No one can say for sure, but history shows that short squeezes can lead to insane profits for those who time it correctly — and deep losses for those who jumped in too late.
“It’s tough to sort through what’s legitimate and what’s not, and many fad stocks’ stories can end poorly,” Bell wrote. “Gains are rarely this easy though.”
LEADING THE DAY
Biden, Yellen call for swift action on coronavirus relief package: President Biden on Friday pushed Congress to act urgently on his proposed economic relief package as the White House scraps to garner bipartisan support.
“The choice couldn’t be clearer. We have learned from past crises that the risk is not doing too much. The risk is not doing enough. And this is a time to act now,” Biden said during a meeting with top economic advisers in the Oval Office.
- Biden cited studies that show inaction could lead to massive long-term job losses and further delay the economy from getting back on track amid the coronavirus pandemic.
- Treasury Secretary Janet Yellen, who joined Biden for the meeting, pointed to data released a day earlier that showed 847,000 Americans filed for unemployment claims as the economic recovery lags and the pandemic worsens.
“The president is absolutely right. The price of doing nothing is much higher than the price of doing something, and doing something big,” Yellen said. “We need to act now, and the benefits of acting now and acting big will far outweigh the costs in the long run.”

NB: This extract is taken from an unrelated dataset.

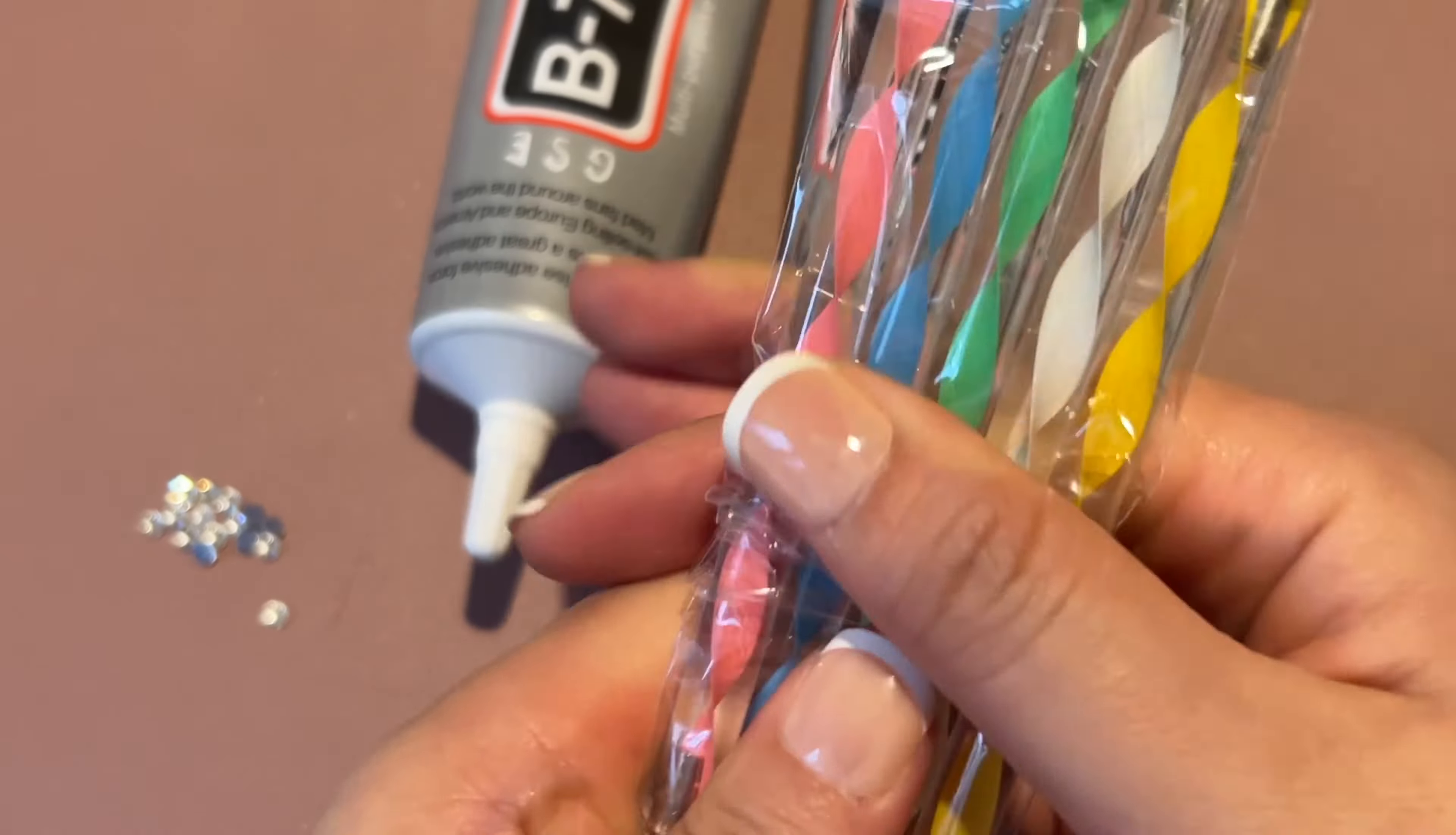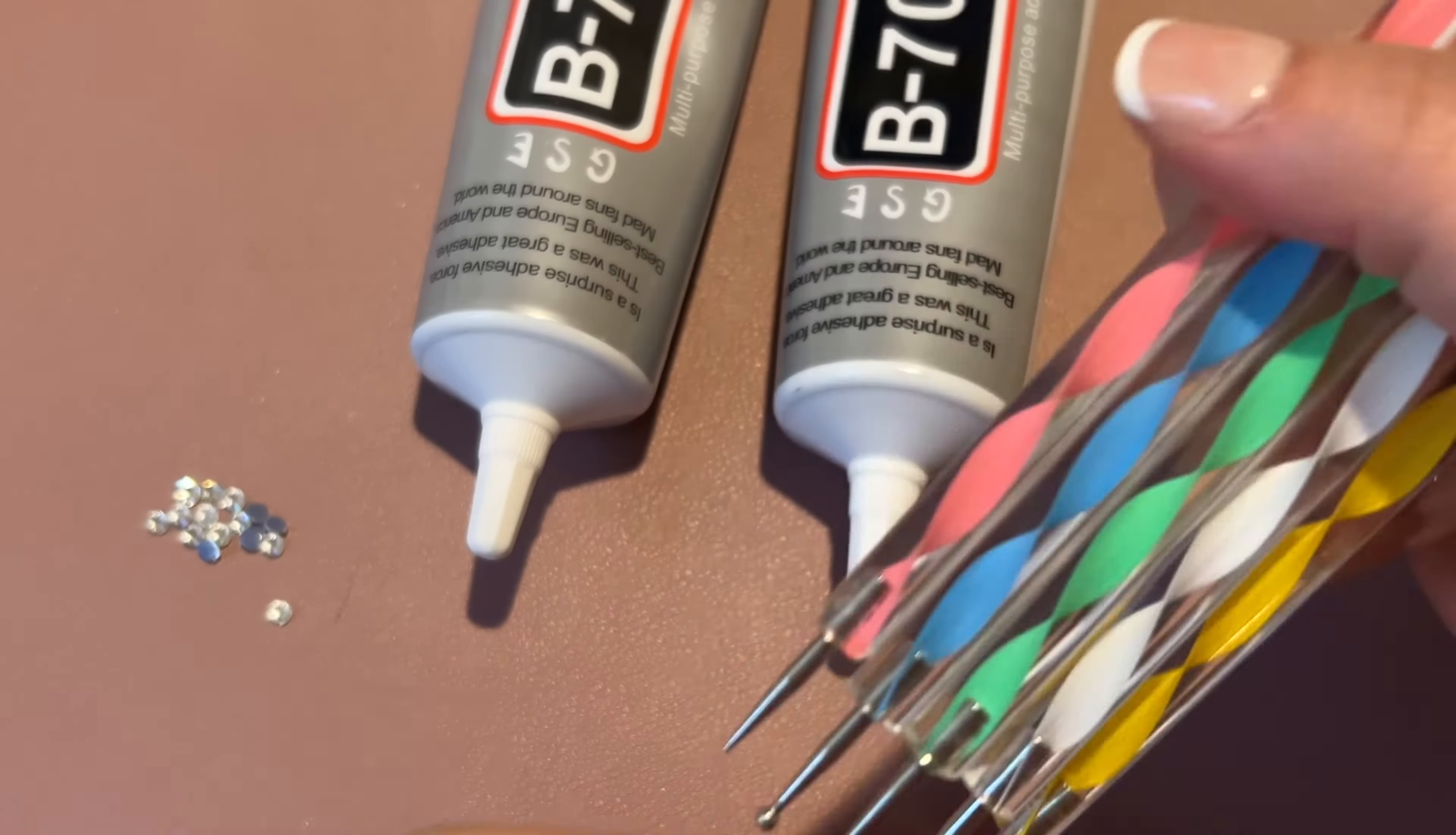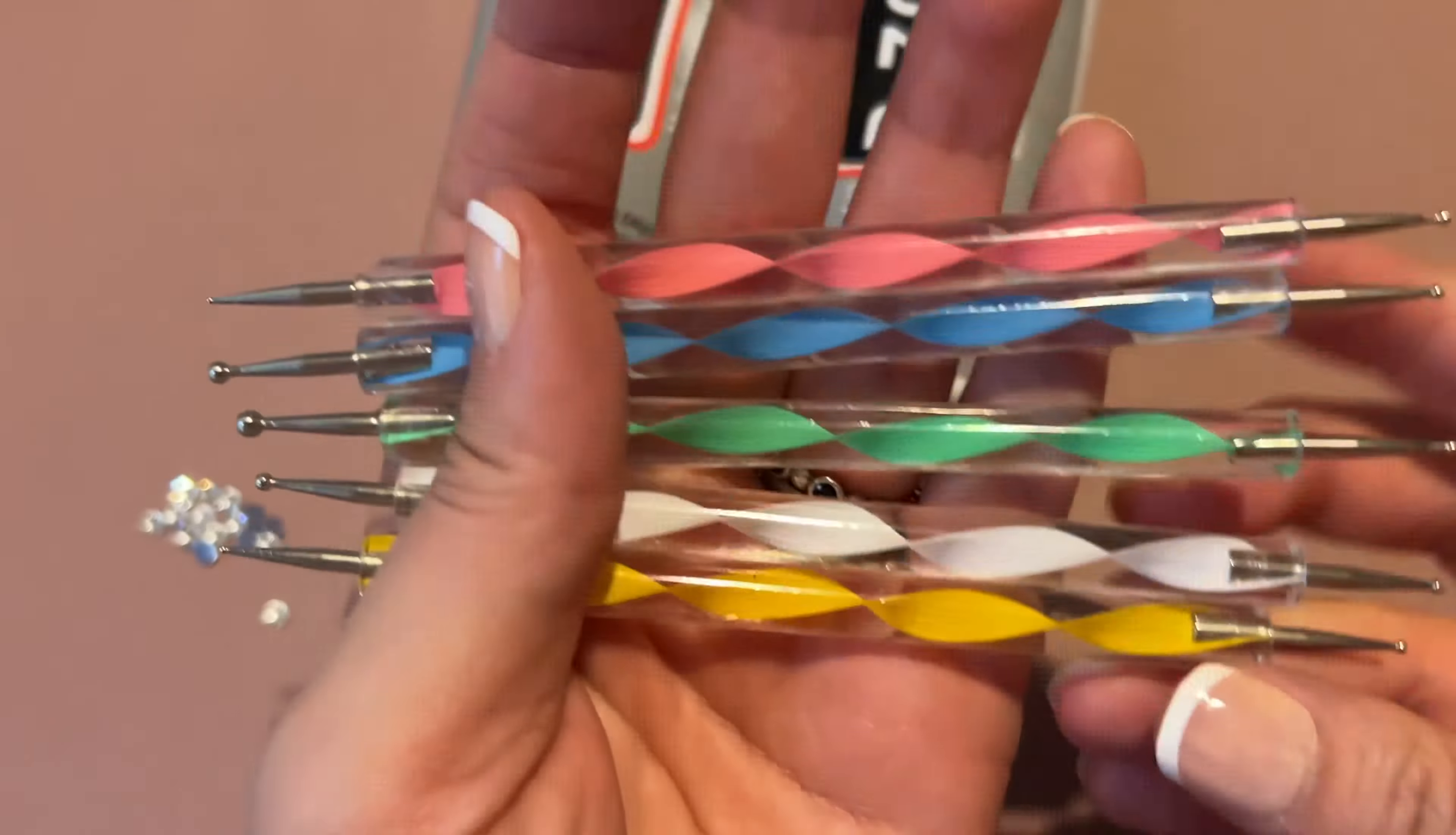This is the B7000 adhesive rhinestone glue for crafts, two pack, and it also comes with a wax pencil for picking up rhinestones and it has five daughter tools.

The Hill’s Brett Samuels has more here.
Judge orders tax lawyers to hand over Trump organization docs to NY AG: A judge in New York on Friday ordered a law firm serving as counsel to the Trump Organization to turn over documents related to the former president’s business to the state’s attorney general.
New York State Supreme Court Judge Arthur Engoron said in an order that he had completed a review of documents from the firm Morgan, Lewis & Bockius and determined that at least some of them were not privileged and should be handed over to the attorney general’s office, which had subpoenaed the firm and the Trump Organization.
- New York Attorney General Letitia James (D) is investigating whether former President Trump’s company had falsified the value of certain assets in order to secure loans, tax breaks and investors.
- James’s office is seeking documents related to the firm’s work on Trump Organization properties, including the Seven Springs Estate in Westchester County, N.Y.
- Prosecutors have said in court documents that they are looking into whether the Trump Organization may have inflated the value of Seven Springs in order to gain a $21.1 million tax deduction in 2015.
The Hill’s Harper Neidig explains here.
GOOD TO KNOW
- Consumer spending in December dropped 0.2 percent, the second monthly decline in two months and a sign the economic recovery is slowing amid rising coronavirus cases over the fall and winter.
- Lawmakers in the House and Senate from high-tax, Democratic-leaning states introduced legislation on Thursday to repeal a provision in former President Trump’s 2017 tax cut law that limits the state and local tax (SALT) deduction.
- Stocks dropped Friday after two pharmaceutical companies said their vaccines were somewhat less effective against the South African strain of COVID-19.
ODDS AND ENDS
- Google deleted negative reviews of the stock trading app Robinhood after backlash over the company’s decision Thursday to block users from buying or trading stocks that were popular on a Reddit subforum.
- Apple CEO Tim Cook told President Biden in a letter Friday that providing permanent legal status for “Dreamers” is a crucial part of any comprehensive immigration reform.